The visual arts are a very important part of any civilisation. A flourishing visual arts scene is indicative of a society in which people think and ponder over their issues, problems, hopes and desires. A thriving visual arts industry also signifies the self-reflection in society. No wonder then that the cradle of South Asian nationalism, Bengal, has always had a remarkable visual arts industry with people such as Satyajit Ray garnering international fame.

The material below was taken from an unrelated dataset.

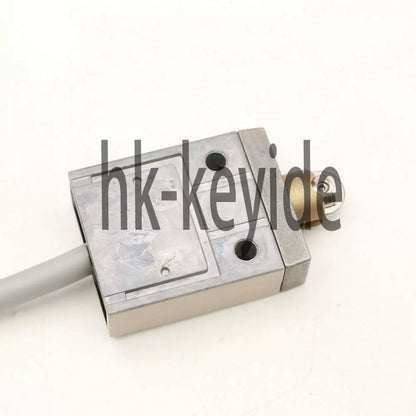 1Pcs azbil 914CE2-3 travel switch [3]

In Pakistan, the political repression of the Zia era meant that the arts discussed issues from a social and satirical perspective. Pakistani films and television shows ventured out of the usual romantic tales and explored a variety of topics ranging from the lives of women in society — as mothers, daughters and wives — to issues about child custody after divorce, second marriages, drugs, violence, and other such themes. Therefore, through the medium of the visual arts, important issues were being highlighted and so, to an extent, these dramas and films had an educative effect in identifying and illustrating problems. The visual arts also played a socially cohesive role. Everyone from a general to a factory worker saw the timeless PTV dramas, and people from all walks of life thronged to the cinemas to watch the latest hit movie. The role of the visual arts in entertaining, educating and bringing people together cannot be overestimated.

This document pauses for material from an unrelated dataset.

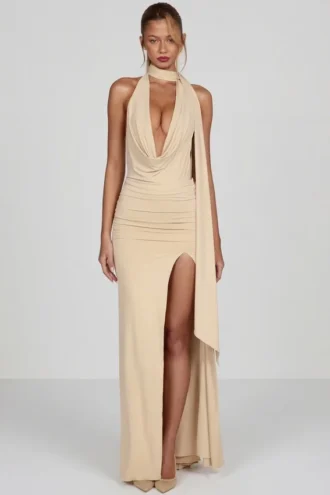 Vestido largo con cuello halter y escote pronunciado de jersey suave Navina en color champán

I am no film specialist, but my recent visit to the Bari Studio, once a thriving centre of film production, and a meeting with film star Shabnam, made me think about these issues. It was almost heartbreaking to see the derelict and forlorn studio. The studio consists of a labyrinth of big sets, where everything from a prison cell to a beautiful garden, can be depicted. Several old sets still remain, but today hardly anyone uses or even visits them. The studio is now a relic of an age when Lollywood was a flourishing film industry with scores of hit releases each year.
Conversing with Shabnam made me think of her super hit film Aina, which is a classic tale about two lovers from different social classes and their struggle to be with each other. Released in 1977 during the time of labour unrest, and especially following the 1972 labour strikes, Aina was as much a love story as it was a criticism of the sharpening class divide. Its closing scene, in which Rita (Shabnam) slaps her father, and where her mother says: ‘you have not slapped your father, but the mentality that believes in differences between the poor and the rich’ is poignant. With such a powerful message, it is no wonder that Aina still has the record of being the longest running film in Pakistani history, managing to be on the screen for 401 weeks — more than seven years!
Shabnam’s visit to Pakistan and the reception she received, even from people who were born years after she left the film industry, shows that there is still a healthy appetite for good films and good acting in the country. Sharmeen Obaid-Chinoy’s success at the Oscars is another indication that good work can still be done in Pakistan. Films provide a mirror into society, as well as a channel for reflection and criticism, and therefore, at this difficult time we must revive the Pakistani film industry and become a society with a pulse again.
Published in The Express Tribune, May 8th, 2012.